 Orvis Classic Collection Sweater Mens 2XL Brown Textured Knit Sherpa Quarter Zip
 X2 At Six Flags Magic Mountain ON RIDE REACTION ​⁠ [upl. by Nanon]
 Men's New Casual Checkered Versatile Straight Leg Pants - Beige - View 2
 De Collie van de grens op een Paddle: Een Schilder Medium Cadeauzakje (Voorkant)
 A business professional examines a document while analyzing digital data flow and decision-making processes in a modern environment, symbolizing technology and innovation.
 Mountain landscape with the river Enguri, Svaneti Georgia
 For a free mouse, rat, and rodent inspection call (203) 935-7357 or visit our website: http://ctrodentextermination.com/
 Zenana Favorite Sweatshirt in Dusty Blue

* * *

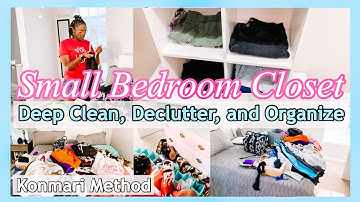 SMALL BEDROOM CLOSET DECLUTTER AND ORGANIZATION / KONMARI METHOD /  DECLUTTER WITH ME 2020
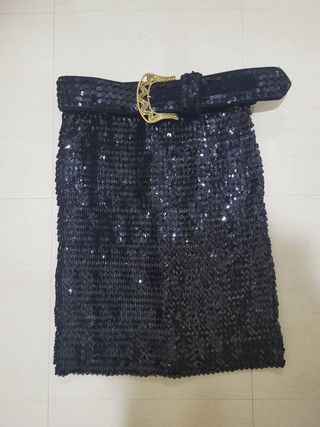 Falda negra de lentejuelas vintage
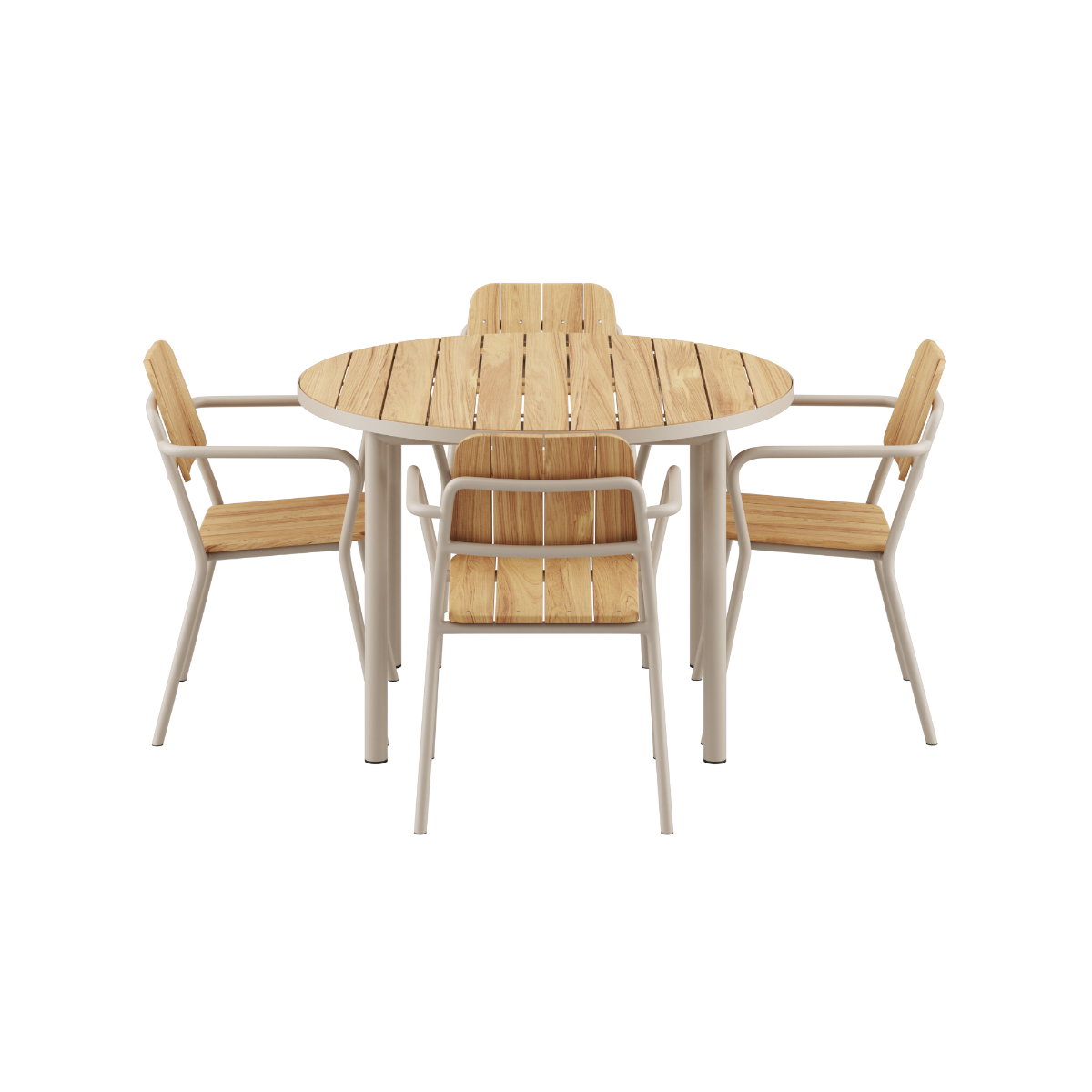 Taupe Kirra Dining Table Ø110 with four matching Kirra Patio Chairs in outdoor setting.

### To do
When a line in the material contains the string "Mountain", copy that line.

### Result of the task
 X2 At Six Flags Magic Mountain ON RIDE REACTION ​⁠ [upl. by Nanon]
 Mountain landscape with the river Enguri, Svaneti Georgia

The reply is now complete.